In court rules: The court is not required to appoint a GAL but may, in the exercise of its discretion, appoint a GAL to advocate for the child's best interests in cases in which the following condition or conditions exist:
- There are past or present allegations of neglect and/or abuse of the child or a sibling, or there is a past or pending case involving the neglect and/or abuse of the child or involving a sibling.
- There are past or present allegations of domestic violence, or there is a past or pending domestic violence case involving a significant other, spouse, or family member where substantive issues involving placement, supervision, interaction, and access are implicated.
- There are present and/or past mental health and/or substance abuse issues involving the child, a sibling, a parent(s), or others with significant access or interaction with the child.
- There are special needs, disabilities, or medical conditions involving the child and/or parent(s) or others with significant access to the child.
- There is a significant other, spouse, or family member with considerable interaction and/or access to the child who has a criminal conviction that may reasonably implicate the health, safety, and/or welfare of the child.
- The child is of a developmentally appropriate age with reasoned judgment and has voiced a consistent desire to participate in the subject proceedings or has otherwise expressed certain views and concerns.
- The appointment shall facilitate the judge's ability to decide the case with full knowledge of and access to relevant and material information, which is necessary in a best-interests analysis, as required by case law and pertinent statute.
The Use of Court-Appointed Special Advocates (CASAs)
Citation: Ann.

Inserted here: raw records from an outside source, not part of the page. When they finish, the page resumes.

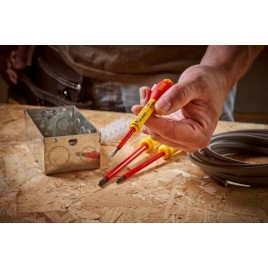 Stanley 0-65-443 FatMax Zestaw wkrętaków dla elektryków (płaskie/Pozidriv), 6 sztuk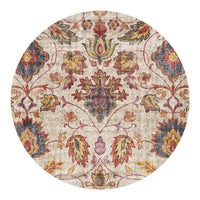 Tapis Rond Vintage avec motif Floral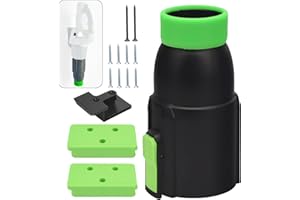 LIZEWEI Car Drying Nozzle for EGO Power+ Leaf Blowers 530 575 580 615 650 765, Contain 1 Blower Wall Mount & 2 Mounts Battery Holders & Install Screw & Green Soft Silicone Band - 8 Inch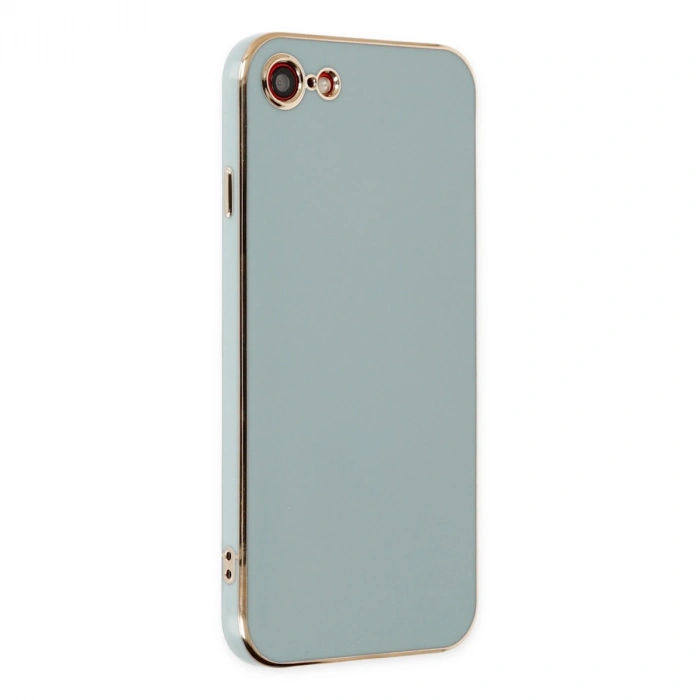 İphone 7 Kılıf Volet Silikon - Açık Yeşil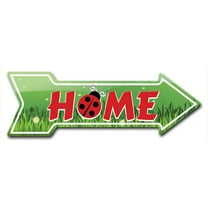 SignMission 6 x 18 in. Indoor & Outdoor Decor Direction Sticker Vinyl Wall Decals - Home - 24 in.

Code § 16-2372
There is established a court-appointed special advocate (CASA) program to provide trained volunteers whose primary purpose is to ensure that children who are the subject of certain proceedings in the family division of the superior court of the District of Columbia are provided with appropriate service and case planning that is in their best interests.
The court, in any appropriate action, may appoint an individual provided by the CASA program. A CASA shall have access to and the use of the court record in a proceeding in which the advocate has been appointed.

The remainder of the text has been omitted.